Acaso el testimonio más esperado por el periodismo es el que se refiere a la última dictadura militar y a las calumnias que le tocó sufrir. Habla de los sacerdotes Yorio y Jalics, secuestrados y finalmente liberados, explica: "Para responder tengo que contar que ellos estaban pergeñando una congregación religiosa, y le entregaron el primer borrador de las Reglas a los monseñores Pironio, Zazpe y Serra.
Conservo la copia que me dieron. El superior general de los jesuitas quien, por entonces, era el padre Arrupe, dijo que eligieran entre la comunidad en que vivían y la Compañía de Jesús, y ordenó que cambiaran de comunidad. Como ellos persistieron en su proyecto, y se disolvió el grupo, pidieron la salida de la Compañía. Fue un largo proceso interno que duró un año y pico. No una decisión expeditiva mía.

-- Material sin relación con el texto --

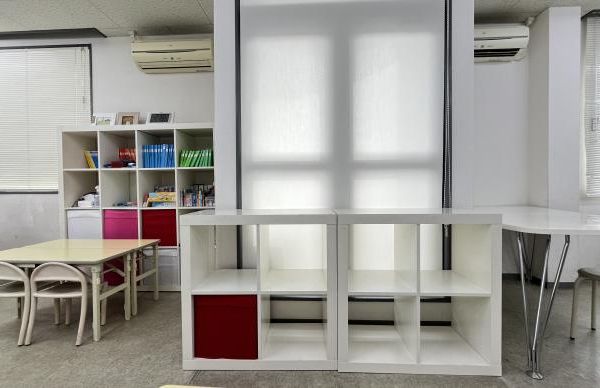 公文式 本町教室【兵庫県三木市】 の内観画像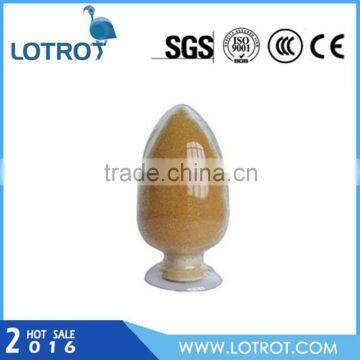 Styrene Strong Acid Cation Resin Beads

Cuando se le acepta la dimisión a Yorio, también al padre Luis Dourrón, que se desempeñaba con ellos –con Jalics no era posible hacerlo porque tenía hecha la profesión solemne y solamente el Sumo Pontífice puede hacer lugar a la solicitud– corría marzo de 1976, más exactamente era el día 19, o sea, faltaban cinco días para el derrocamiento del gobierno de Isabel Perón. Ante los rumores de la inminencia de un golpe, les dije que tuvieran mucho cuidado. Recuerdo que les ofrecí, por si llegaba a ser conveniente para su seguridad, que vinieran a vivir a la casa provincial de la Compañía".
Cuando se le pregunta por el encono de Hebe de Bonafini, de las Madres de Plaza de Mayo, dice: "Hay que ponerse en el lugar de una madre a la que le secuestraron a sus hijos y nunca más supo de ellos, que eran carne de su carne; ni supo cuánto tiempo estuvieron encarcelados, ni cuántas picaneadas, cuántos latigazos con frío soportaron hasta que los mataron, ni cómo los mataron".
El libro da pistas para conocer a una persona particularmente amada por su clero, temida por el gobierno de los Kirchner (sus silencios molestan más que sus palabras), respetada entre sus pares en el episcopado, muchas veces más admirada por intelectuales ajenos a la Iglesia y miembros de otros credos que en ambientes católicos. Esperanzado con la Iglesia y moderadamente optimista con el futuro de nuestro país, arriesga: "Es lo que siento. Puedo equivocarme. Nosotros no lo veremos, lo verán nuestros hijos. Como aquel cuento de los dos curas que están charlando sobre un futuro concilio y uno pregunta: '¿Un nuevo concilio va a suprimir el celibato obligatorio?' Y el otro responde: 'Parecería que sí'. Pero el primero concluye: 'De todas maneras, nosotros no lo vamos a ver; lo verán nuestros hijos'".